We have a world that is evolving at two speeds, and the gap between them is growing dangerously. On the one hand, we have the new economy, which is based on renewable energy, artificial intelligence, biotechnology, 3D printing and robots and on the other hand, we have the old economy, which relies on fossil energy and industrial mass production that already has a framework of legislations, business models and thinking firmly rooted in the last century.
The new economy is being driven by technologies that are evolving exponentially, faster and faster. The old technology develops linearly and evenly, as small steps in extension of what we are used to. The result, according to Azeem Azhar, a British technology analyst, is an “exponential gap” – an exponentially growing gap between those who work and thrive in the new logic and those who stagnate and are marginalised because they cannot find a place in the new paradigm.

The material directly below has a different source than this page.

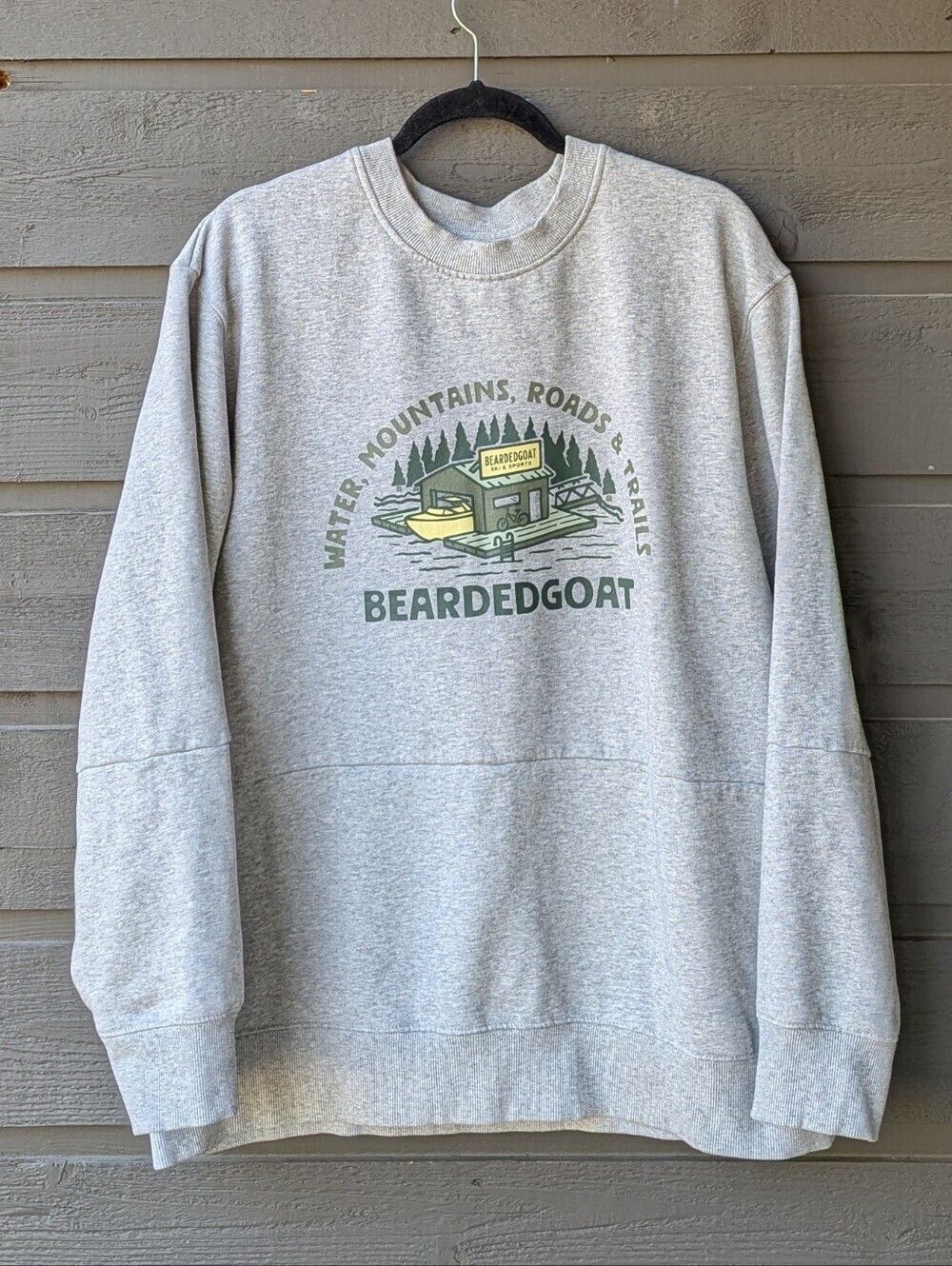 Bearded Goat Grey Graphic Crewneck Sweatshirt Water Mountains Roads Trails XL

Electricity, the telephone, the car and the microprocessor marked the 20th century. Now, and in the next few decades, the economic rules will be altered by transition to renewable energy, by the proliferation of artificial intelligence, by a wave of biotechnological solutions in health, food, energy and materials, and by a far more flexible, inexpensive and distributed form of production using 3D printing and advanced robots. These innovative technologies, categorised as General Purpose Technologies cut across sectors and geographies, have experienced dramatic cost declines and serve as a platform for additional innovations.
In 1958, Fairchild Laboratories sold 100 transistors to IBM for US$150 apiece. By 2014, 2.9 sextillion transistors were produced globally. There are only 200bn stars in the Milky Way, a number that is less than the square root of 2.9 sextillion! Since then, growth has continued, and yet there is currently a severe shortage of chips.
In biotechnology, development is even faster. The first human genome was decoded in 2001, and the price was over US$1bn. In March 2020, the Beijing Genomics Institute announced that it could decode a full human genome for US$100 – a price drop of a factor of 1mn in 20 years. If the development had simply followed Moore’s law, the price would have been 1,000 times higher.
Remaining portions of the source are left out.